México: La crisis constitucional de 2021
Lic. Raymundo Manuel Salcedo Flores
El concepto de crisis constitucional no es novedoso, se ha hablado ampliamente de la crisis constitucional británica en 1936, con la abdicación de Eduardo VIII; sin embargo, poco se ha escrito sobre el concepto de crisis constitucional en nuestro país. Una crisis es definida como una situación mala o difícil, la cual puede devenir en un cambio profundo y de consecuencias importantes; y si esa situación difícil está relacionada con la Constitución, entonces tendremos una crisis constitucional.
Ferdinand Lasalle definía a la Constitución como la sumatoria de los factores reales de poder; en aquél entonces ejemplificaba al rey, la iglesia, los obreros, los empresarios, etcétera, como esas pequeñas partes de constitución que son los factores reales de poder.
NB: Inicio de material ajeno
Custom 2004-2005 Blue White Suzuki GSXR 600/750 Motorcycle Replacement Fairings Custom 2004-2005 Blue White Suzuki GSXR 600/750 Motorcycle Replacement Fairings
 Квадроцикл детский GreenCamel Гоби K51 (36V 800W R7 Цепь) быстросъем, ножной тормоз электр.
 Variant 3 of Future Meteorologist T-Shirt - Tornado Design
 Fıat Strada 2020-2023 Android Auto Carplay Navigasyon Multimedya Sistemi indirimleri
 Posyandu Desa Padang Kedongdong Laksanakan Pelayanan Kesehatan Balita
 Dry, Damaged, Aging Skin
Hoy, en México, esos factores reales de poder son —por supuesto— los poderes legalmente constituidos (ejecutivo, legislativo y judicial); pero además los organismos constitucionales autónomos, el sector empresarial, el sector campesino, el sector obrero, los sectores religiosos (aunque no nos guste en un país que se profesa laico), y un largo etcétera en el que podríamos incluso incluir al crimen organizado.
El simple conflicto entre poderes y entes públicos es una controversia constitucional, bien definida y reglamentada por la propia constitución, e incluso las diferencias entre los ciudadanos y el poder público se dirimen a través de los canales constitucionalmente establecidos (como lo es el juicio de amparo), pero cuando el conflicto es entre los factores reales de poder, los que entran en conflicto no sólo entre sí mismos sino con la Constitución que existe, impulsando posibles cambios en ella, entonces se está ante una crisis constitucional.
En 1917, después de un tortuoso proceso revolucionario (que pocos historiadores dan por concluido en aquel año, dicho sea de paso), se promulgó en México una nueva constitución, que reformaba el orden constitucional de 1857, pero que además recogía muchas de las demandas de la multitud de movimientos revolucionarios que se presentaron en aquella década.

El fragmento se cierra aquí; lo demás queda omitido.